In Auto ARIMA, the model itself will generate the optimal p, d, and q values which would be suitable for the data set to provide better forecasting.

code here,

from sktime.forecasting.arima import AutoARIMA

forecaster = AutoARIMA(start_p=8, max_p=9, suppress_warnings=True)

forecaster.fit(y_train)
y_pred = forecaster.predict(fh)
plot_series(y_train, y_test, y_pred, labels=["y_train", "y_test", "y_pred"])

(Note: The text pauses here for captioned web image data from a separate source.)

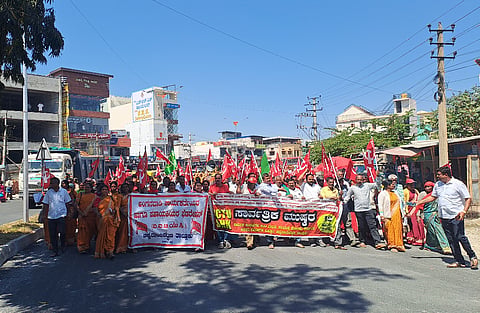 ಕೇಂದ್ರ ಸರ್ಕಾರದ ನಾಲ್ಕು ಕಾರ್ಮಿಕ ಸಂಹಿತೆಗಳನ್ನು ವಿರೋಧಿಸಿ ಗುರುವಾರ ಚನ್ನರಾಯಪಟ್ಟಣದ ಮುಖ್ಯ ರಸ್ತೆಯಲ್ಲಿ ಕಾರ್ಮಿಕರ ಸಂಘಟನೆ  ಪ್ರತಿಭಟನೆ ನಡೆಸಿತು. ಎಚ್.ಎಸ್.ಮಂಜುನಾಥ್, ಜಯಲಕ್ಷ್ಮೀ, ನಾಗರತ್ನ, ತೇಜಸ್ ಗೌಡ, ಚಂದ್ರೇಗೌಡ ಇತರರು ಇದ್ದರು.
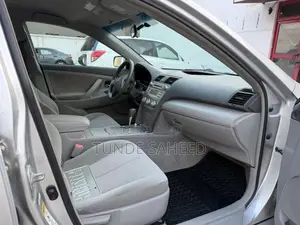 Toyota Camry LE 4dr Sedan (2.5L 4cyl 6AM) 2010 Silver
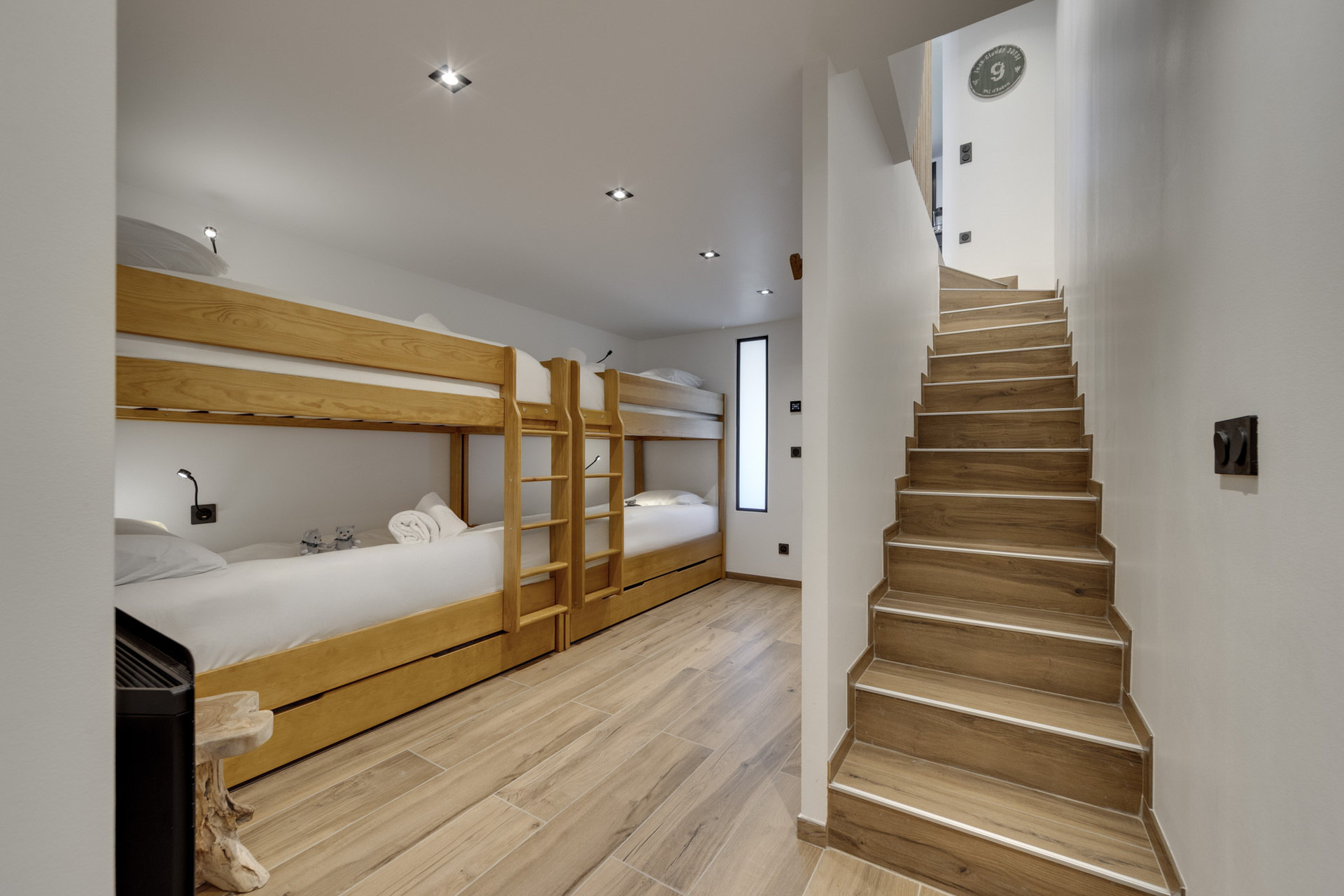 _lv_images__lot_0075554056_12_1447048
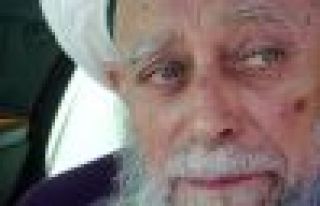 Şeyh Nazım hayatını kaybetti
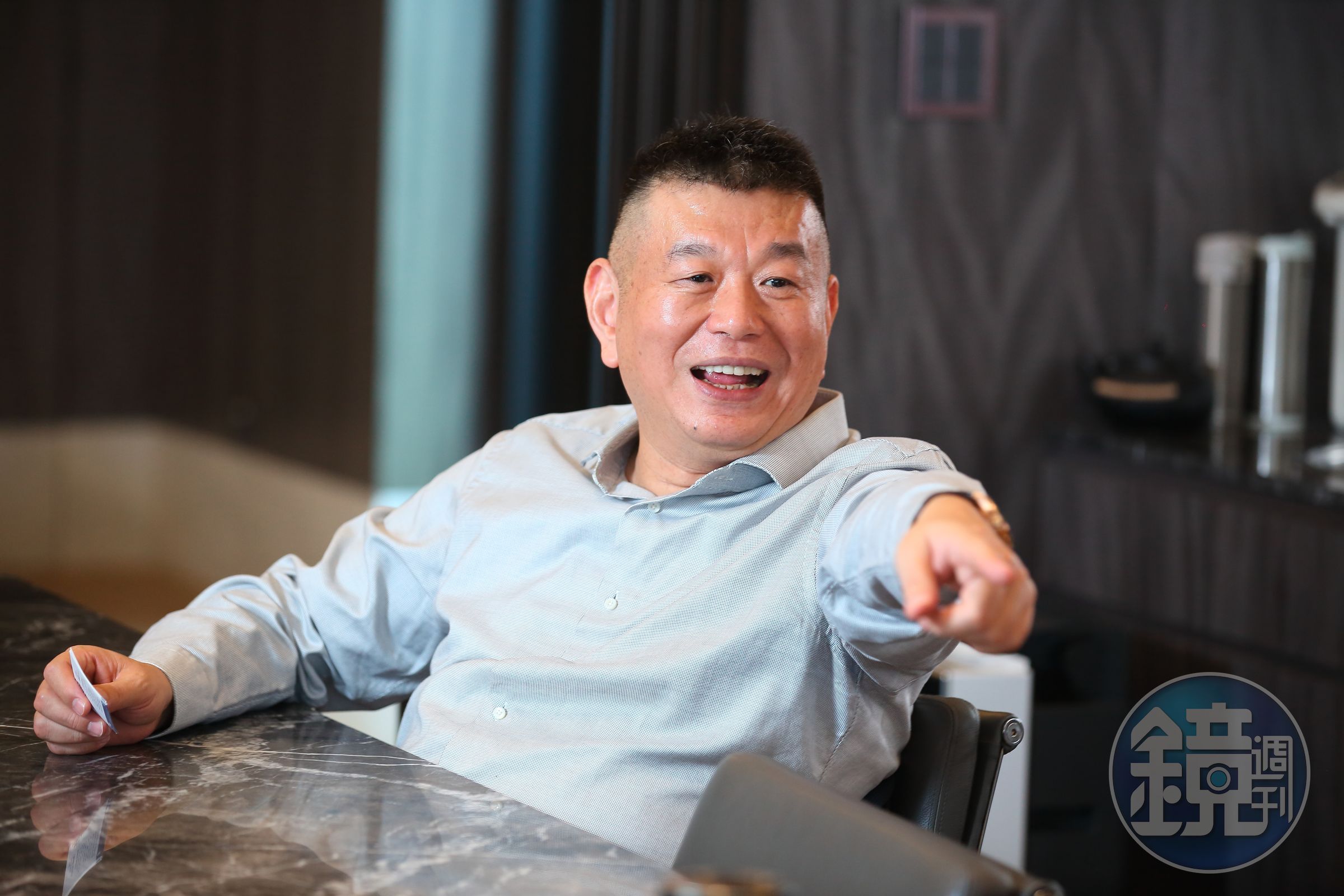 興富發去年是台灣百強企業裡唯一建商，農曆年前集團總裁鄭欽天接受本刊專訪，暢談經營策略。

as you can see, y_pred can’t predict any up and down trend and MAPE showed 0.75(75% of error).

KNeighborsRegressor

The KNN algorithm uses ‘feature similarity’ to predict the values of any new data points. This means that the new point is assigned a value based on how closely it resembles the points in the training set.

code here,

regressor = KNeighborsRegressor(n_neighbors=3)

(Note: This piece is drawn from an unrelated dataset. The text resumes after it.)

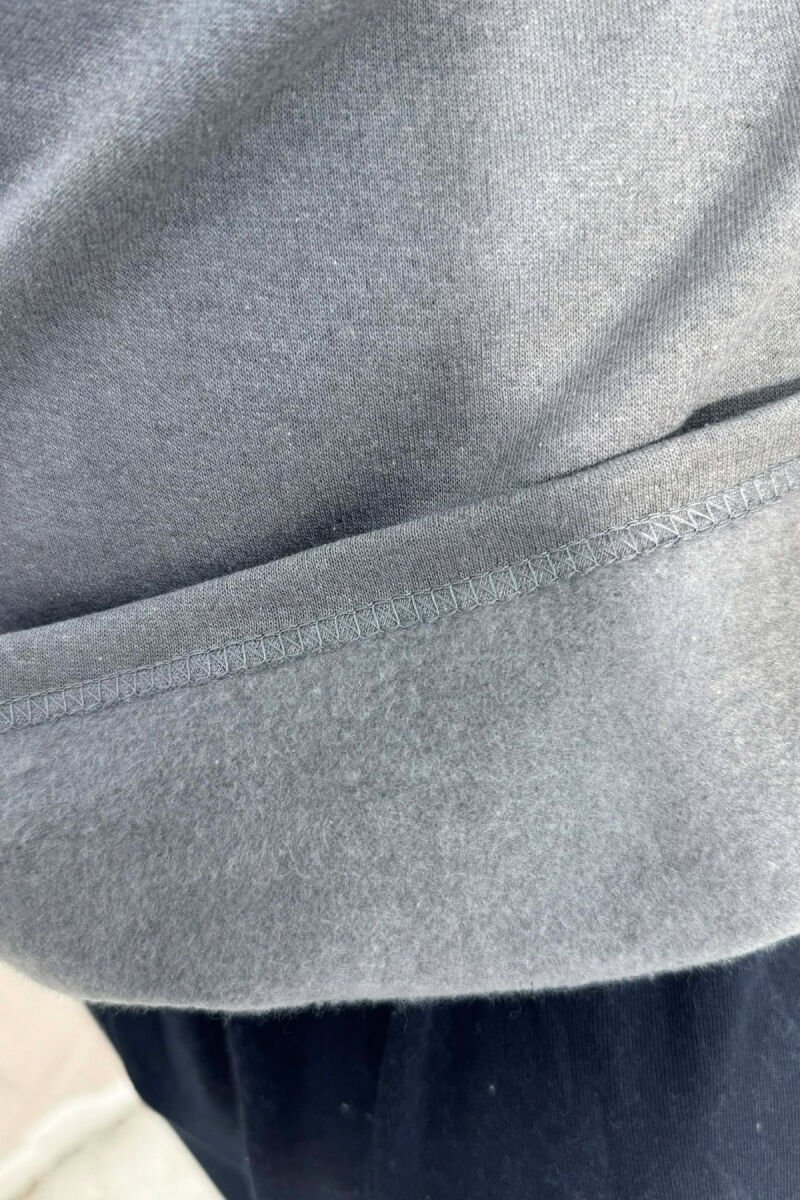 PIZHAME BLUZE ME LOGO TË THJESHTE+TUTA PER MESHKUJ NE NGJYRE GRI - 4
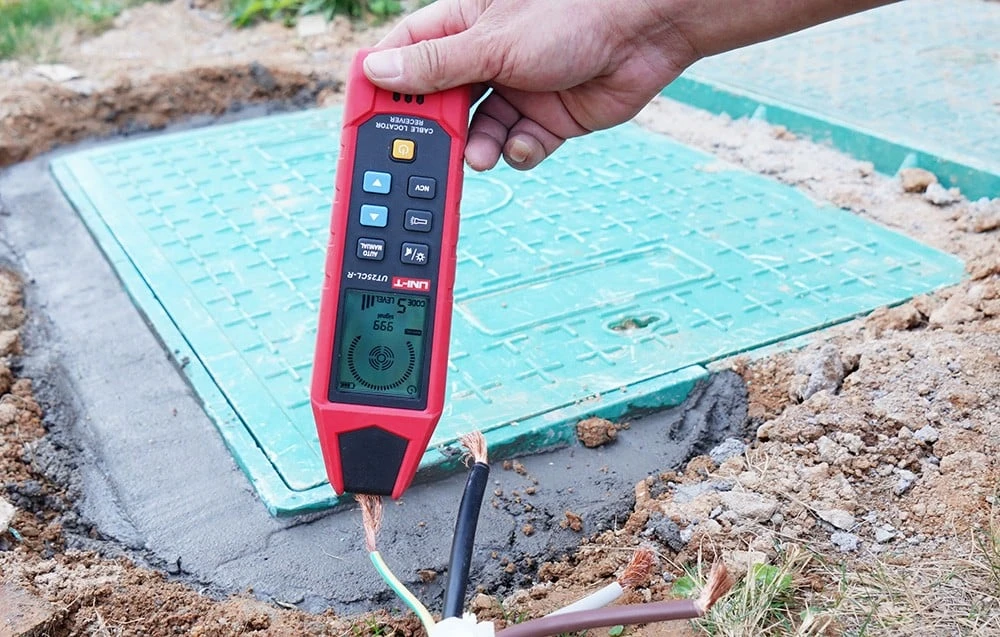 Uni-t Kabelių ieškilis, AC/DC 8~480V, įtampos aptikimo gyllis iki 0.4m, NCV voltage range: 80V ~ 1000V aprašymas - Prekės nuotrauka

forecaster = make_reduction(regressor, strategy="recursive", window_length= window_length)
forecaster.fit(y_train)
y_pred = forecaster.predict(fh)
plot_series(y_train, y_test, y_pred, labels=["y_train", "y_test", "y_pred"])

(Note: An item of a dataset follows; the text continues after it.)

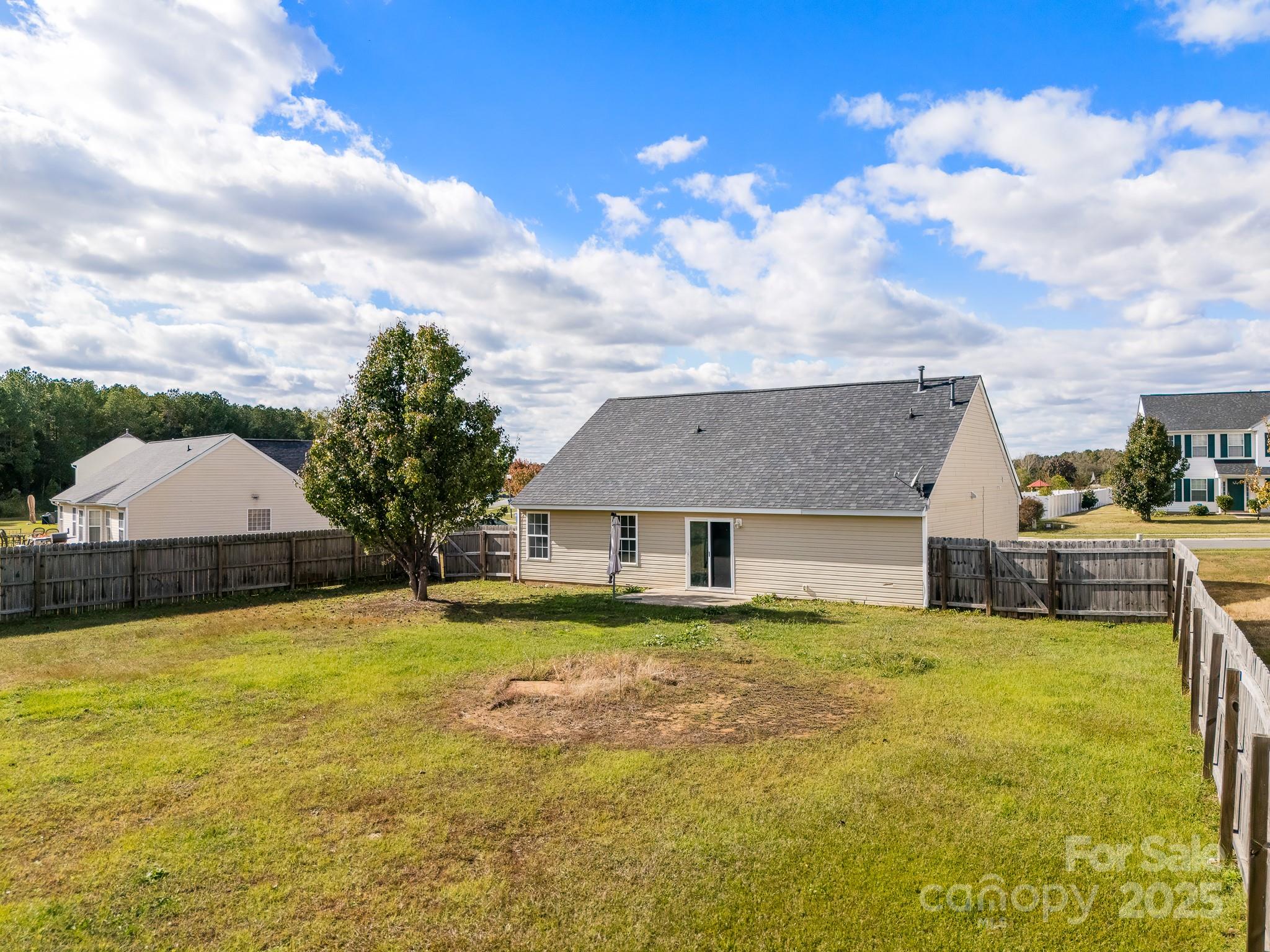 300 Glencroft Drive Property Photo 22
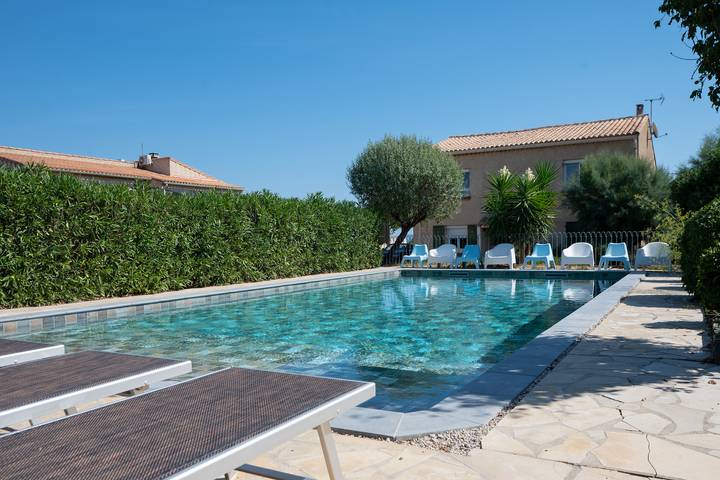 Location de vacances pour 10 personnes, avec terrasse et jardin à Marseillan - 3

as above KNNRegressor can predict trend of up and down, but it had a gap between actual and predict value (as was my yellow color hand writing) formal reapresent by MAPE 0.8094. Howevey, it can capture trend line so I make it as candidate model

LinearRegression

Linear regression shows the linear relationship between the independent variable (X-axis) and the dependent variable (Y-axis), consequently

code here,

from sklearn.linear_model import LinearRegression
regressor = LinearRegression()

forecaster = make_reduction(regressor, strategy="recursive", window_length= window_length)
forecaster.fit(y_train)
y_pred = forecaster.predict(fh)
plot_series(y_train, y_test, y_pred, labels=["y_train", "y_test", "y_pred"])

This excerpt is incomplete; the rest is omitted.